Probabilistic Forecasting of the Arctic Sea Ice Edge with Contour Modeling
Hannah M. Director, Adrian E. Raftery, Cecilia M. Bitz

TL;DR
This paper presents Mixture Contour Forecasting, a probabilistic method for predicting the Arctic sea ice edge by combining ensemble outputs and observed patterns, improving calibration over traditional models.
Contribution
It introduces a novel statistical technique that directly models the sea ice edge contour using a mixture of distributions, enhancing forecast accuracy.
Findings
Better calibration at short lead times compared to existing methods
Effective modeling of the sea ice edge contour
Improved forecast performance over multiple months
Abstract
Sea ice, or frozen ocean water, freezes and melts every year in the Arctic.
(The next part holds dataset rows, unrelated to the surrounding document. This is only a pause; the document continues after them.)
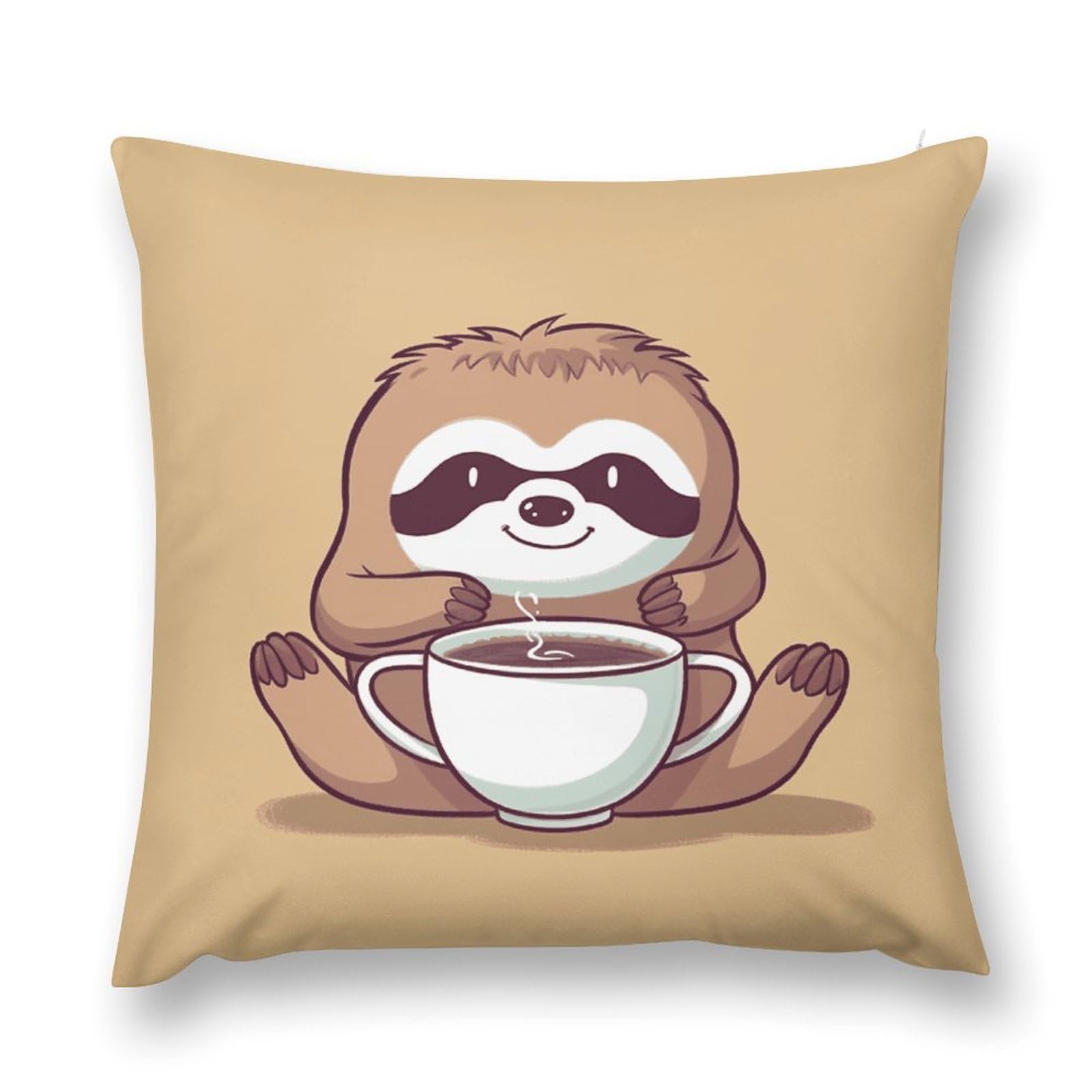 MUSM Yoga Sloth Coffee Throw Pillow Cover 20 "x20 Wrinkle&Fade Resistant Cozy Soft Plush Pillow Case Protector Double-Sided Personalized Pillowcase Pillow Shams Cushion Cover for Home
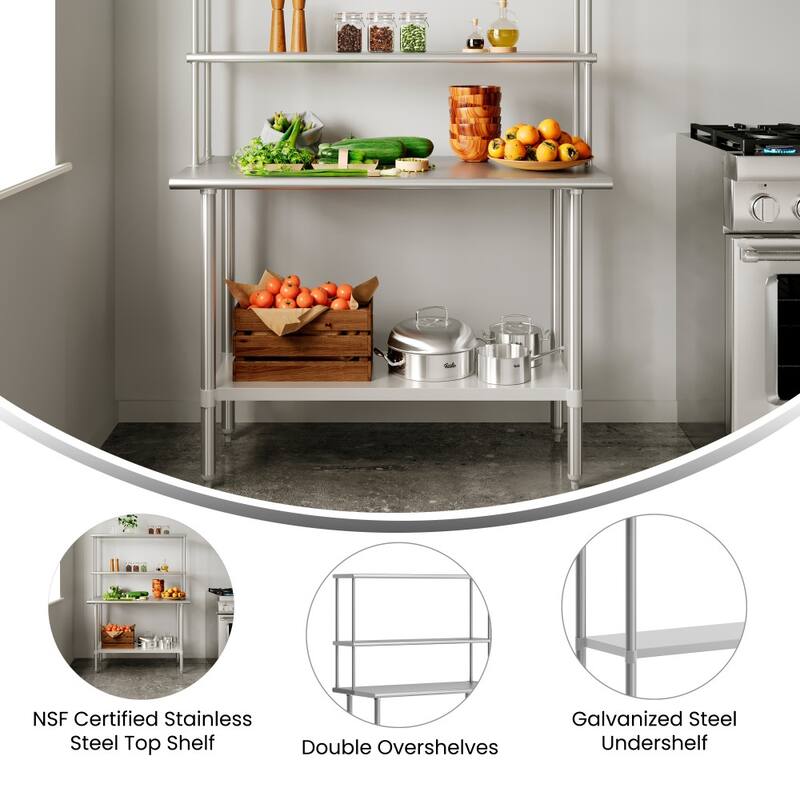 Commercial Stainless Steel Worktable with 2 Overshelves and 1 Undershef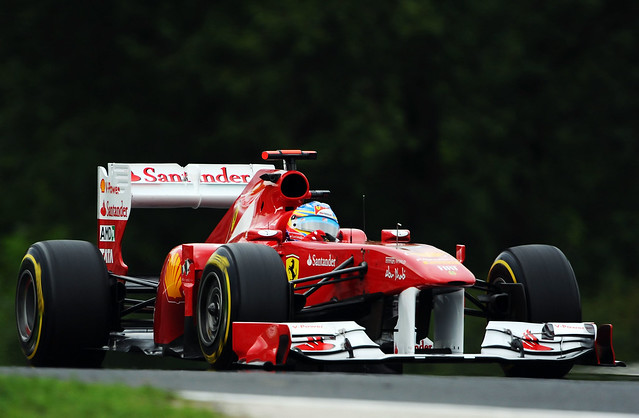 The Ferrari 150° Italia during Practice for the 2011 Hungarian Grand Prix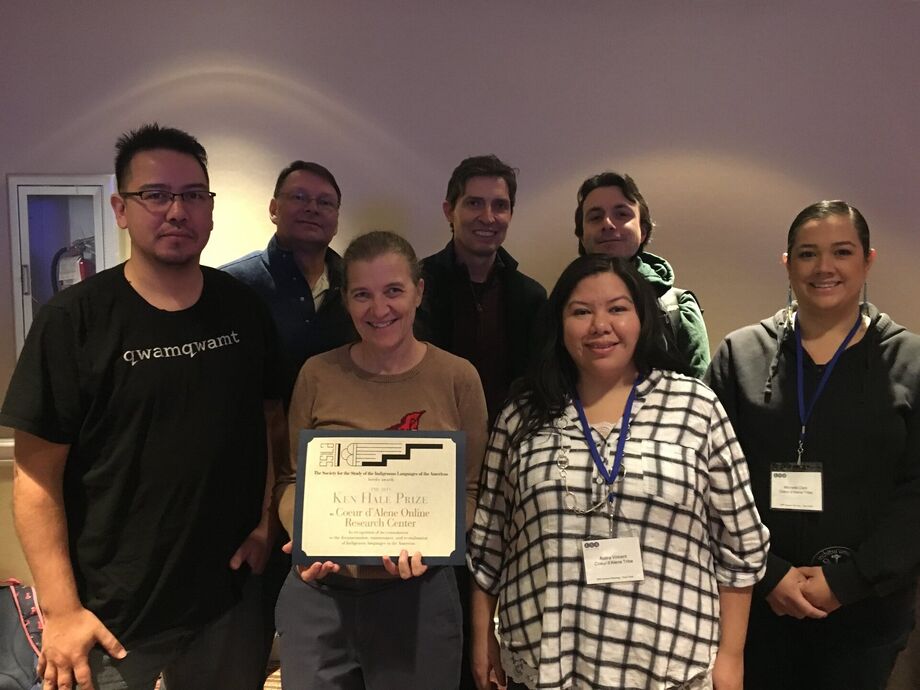 Members of the COLRC team accept the 2018 Ken Hale Award from the Society for the Study of the Indigenous Languages of the Americas for their work. Photo courtesy Audra Vincent.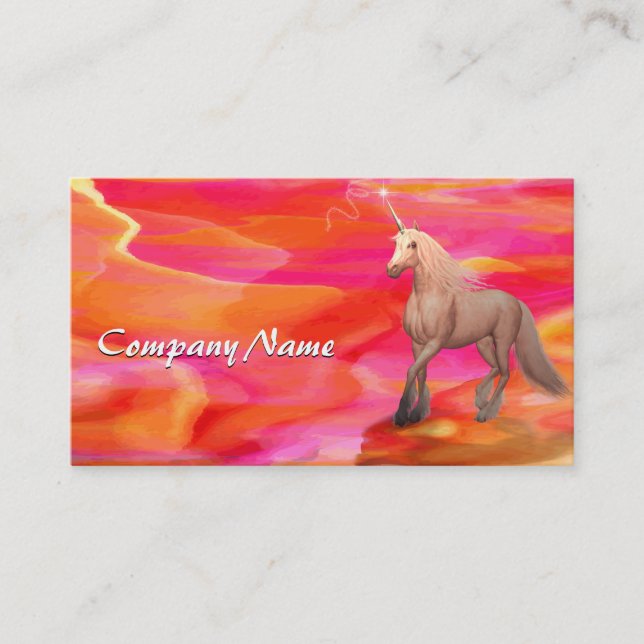 Tarjeta De Visita Unicornio en desierto pintado (Anverso)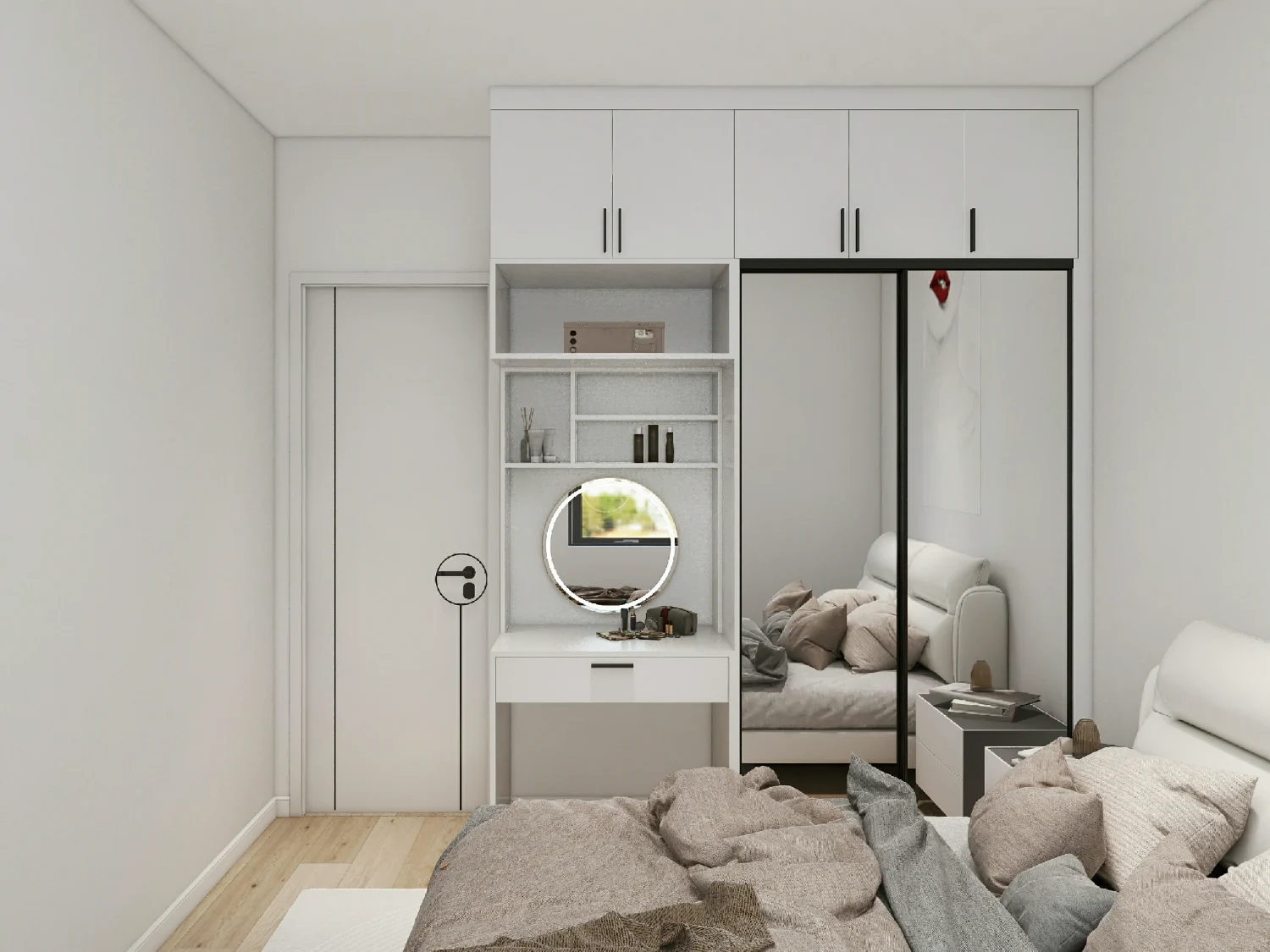 Closed mirror closet doors in a modern bedroom design.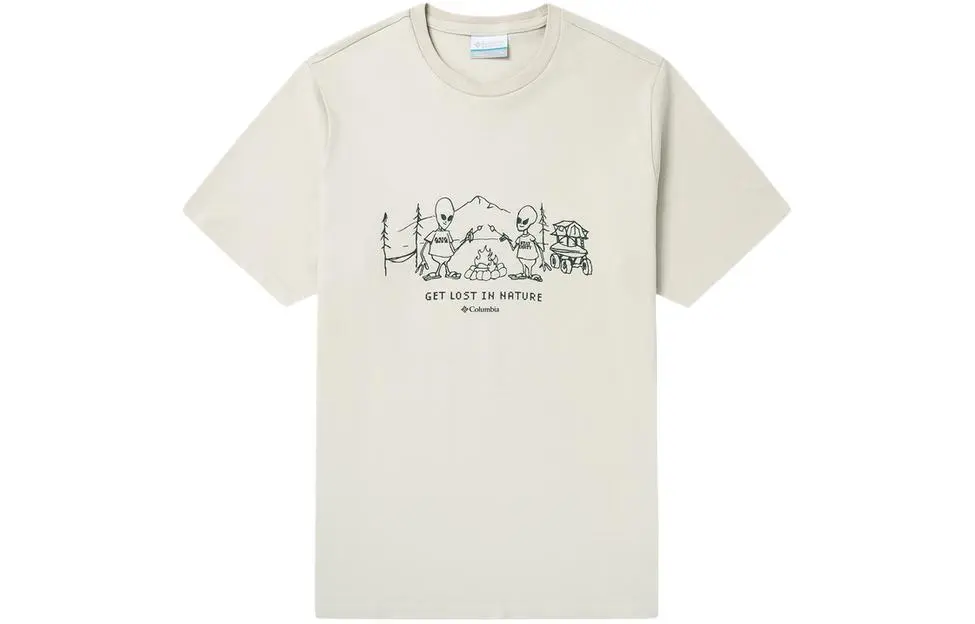 Columbia T-Shirts Men's White Crew Neck Thin Straight Fit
Forecasts of where sea ice will be located weeks to months in advance have become more important as the amount of sea ice declines due to climate change, for maritime planning and other uses. Typical sea ice forecasts are made with ensemble models, physics-based models of sea ice and the surrounding ocean and atmosphere. This paper introduces Mixture Contour Forecasting, a method to forecast sea ice probabilistically using a mixture of two distributions, one based on post-processed output from ensembles and the other on observed sea ice patterns in recent years. At short lead times, these forecasts are better calibrated than unadjusted dynamic ensemble forecasts and other statistical reference forecasts. To produce these forecasts, a statistical technique is introduced that directly models the sea ice edge…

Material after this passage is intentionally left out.